St Andrews influence for Sewanee
Sean Dudley

Architect Gil Hanse expects to finish the renovation of the nine hole Sewanee course at the University of the South in Chattanooga, Tennessee, by October.

The Sewanee course was built in 1915 by then university vice-chancellor Albion Knight, making it perhaps the oldest college course in the US, as well as surely the only one designed by an Episcopalian bishop!

“We're blowing up all nine holes as far as the features are concerned, but the routing will remain intact,” Hanse told the Chattanooga Times Free Press. “We've stretched and pulled a few holes and added a few bunkers, so it will be more challenging and visually more interesting.”

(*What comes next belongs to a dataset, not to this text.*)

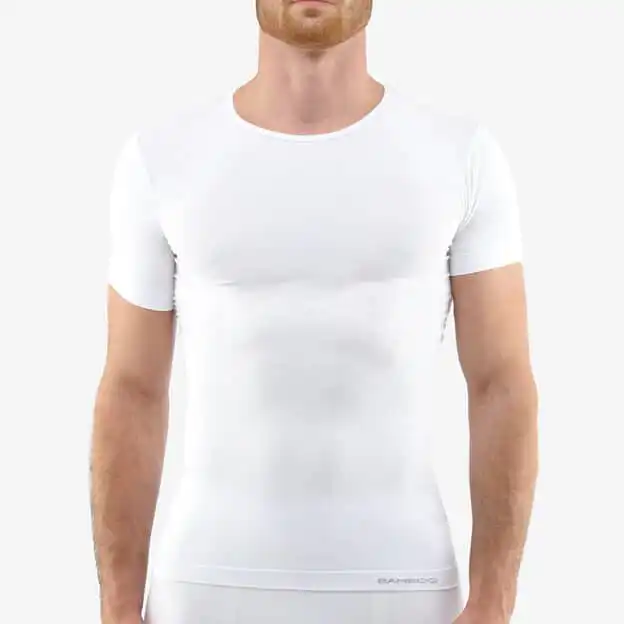 58006_MxB Tricou barbati bambus 58006P - alb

A new single line irrigation system is part of the project, which aims to incorporate environmentally sustainable features in the course, preserving the ecosystem of the Cumberland Plateau, where it is located. Hanse's changes to the course include rebuilding the first in the style of St Andrews' famous Road hole, while the architect says the par three fourth, known as 'Infinity' could be one of the most visually stunning short holes in golf, with the green located right on the edge of a bluff.

Other Scottish-influenced features include the second hole, patterned after Prestwick's Alps, a version of the Valley of Sin in front of the eighth green, and a central bunker complex – but here a Bishop's rather than a Principal's Nose – on the home hole. Hanse is also building a Himalayas-style putting green for college golfers and guests to use for practice.